Wednesday, August 19, 2009

Last Friday


People here have a hard time with the name Bruce. They spell it Brush, Bruuz, Brooke. Some folks know Bruce Lee, that’s my best bet. A few have mentioned Springsteen or Willis. Sadly, Batman’s Bruce Wayne is Bruno is Spanish, so that doesn’t help. However, the Jim Carrey film Bruce Almighty (Spanish title Todo Poderoso, which means All Powerful) is quite popular. We work with a man named Gerardo (the bearded fellow in many of our blog pics). Every time he sees me, Gerardo yells, “Bruce Nolan! Todo Poderoso!”… sometimes even “Todo Poderosísimo!” (Very All Powerful). I saw the movie with my fraternity when it first came out, but tragically, Kelly had never seen it. So we were sure to aprovechar (take advantage) when we saw it on the street for a dollar.
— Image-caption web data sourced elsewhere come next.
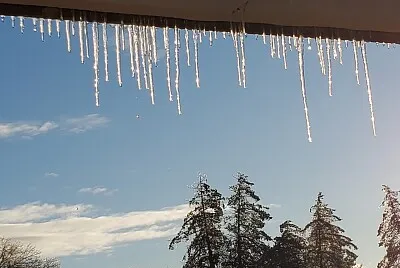 icicles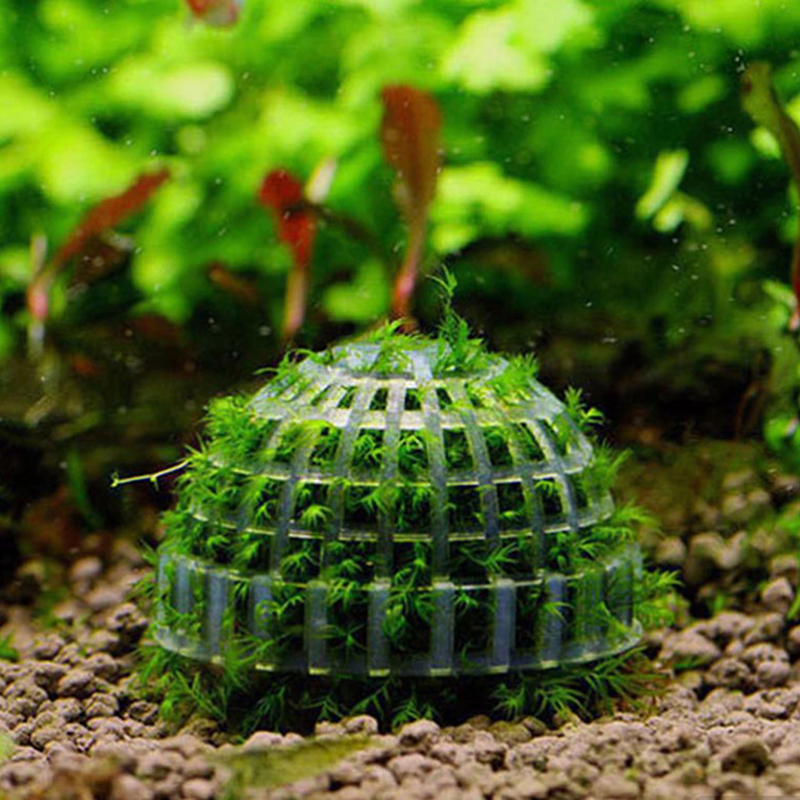 1pc Aquatic Pet Supplies Decor - Planted Aquarium Models บทวิจารณ์และราคา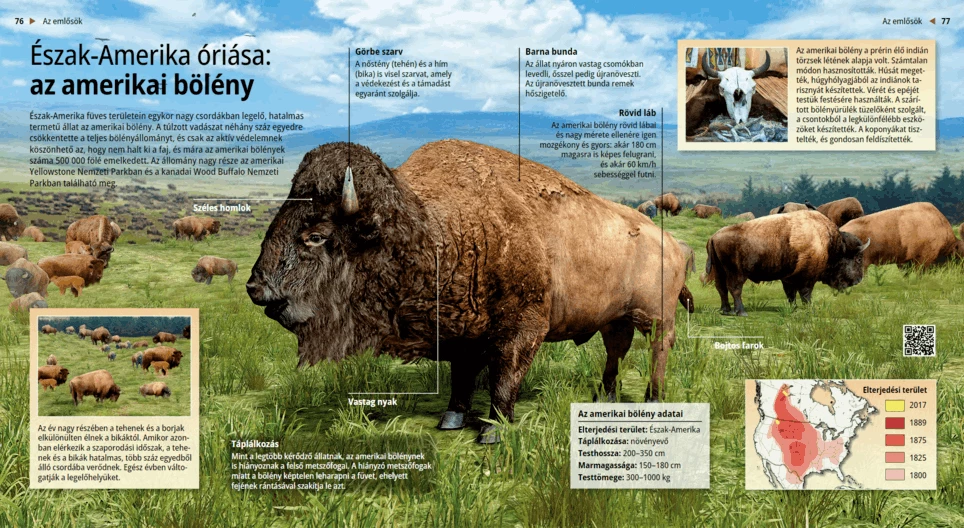 Bisonte americano: gigante del Nord-America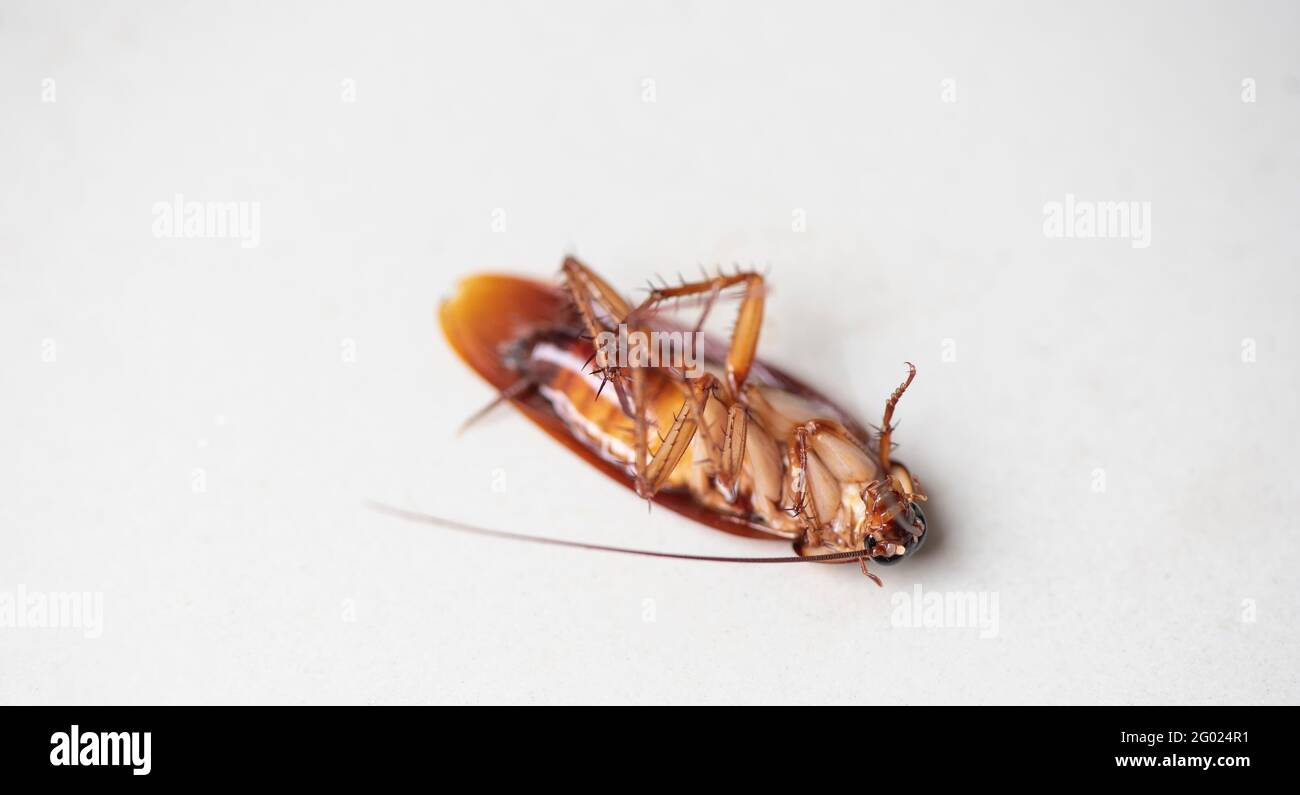 Cockroach on white background, insect cockroaches dead on floor in home ...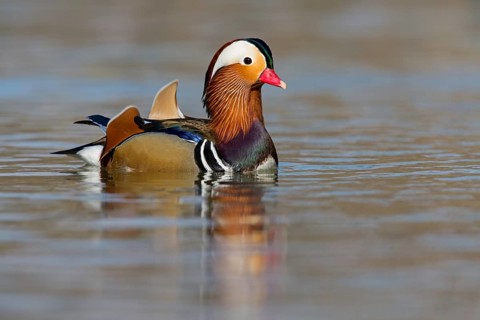 Mandarin duck, (Aix galericulata), animals, birds, duck birds, male, drake, forest park, Mannheim,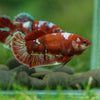 Multicolor/ Galaxy Koi Plakat- Female- 13 Weeks Old
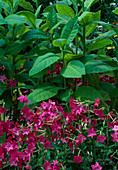 Nicotiana 'Domino Red' (Ziertabak), N. tabacum (Tabak)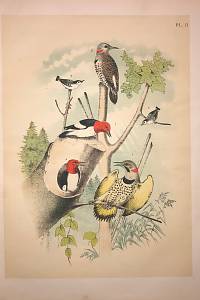 Studer, Jacob H. – The Birds of North America : dwarn and colored from nature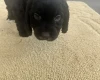 Cockapoo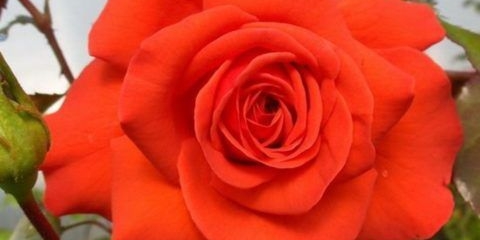 Ruža penjačica salita (salita): fotografija i opis, recenzije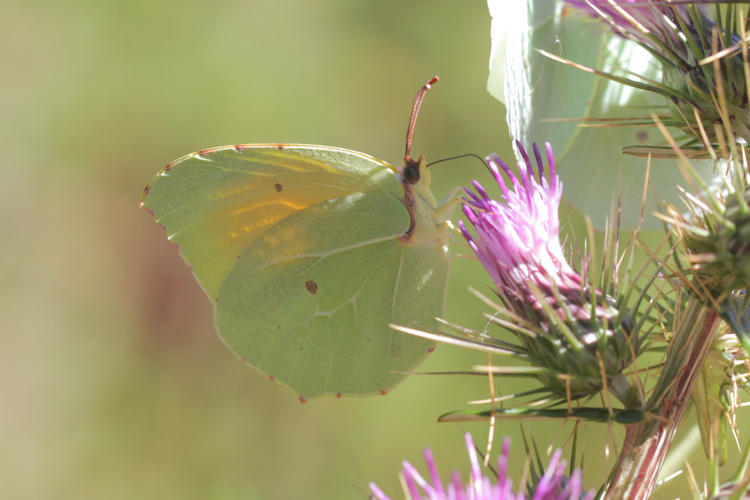 Gonepteryx cleopatra italica: Bild 19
new ceiling, same lovable geckos


during Kelly’s charla on endangered animals


With five-cent milk popsicles (or small plastic bags filled with frozen Coke), it’s possible to bribe your eco club into yet another tree planting. Note the small black dog on the lap of the boy with the green shirt. It is a ten-day old puppy of the girl standing behind him.


hackey sack


No one is safe from bunny ears.


Look out!


He urinated in my Phillies hat.


the dirtiest Phillies hat since that of John Kruk


After planting about forty trees (Palm and Nim) outside the new polideportivo (multi-sport facility), we played some soccer.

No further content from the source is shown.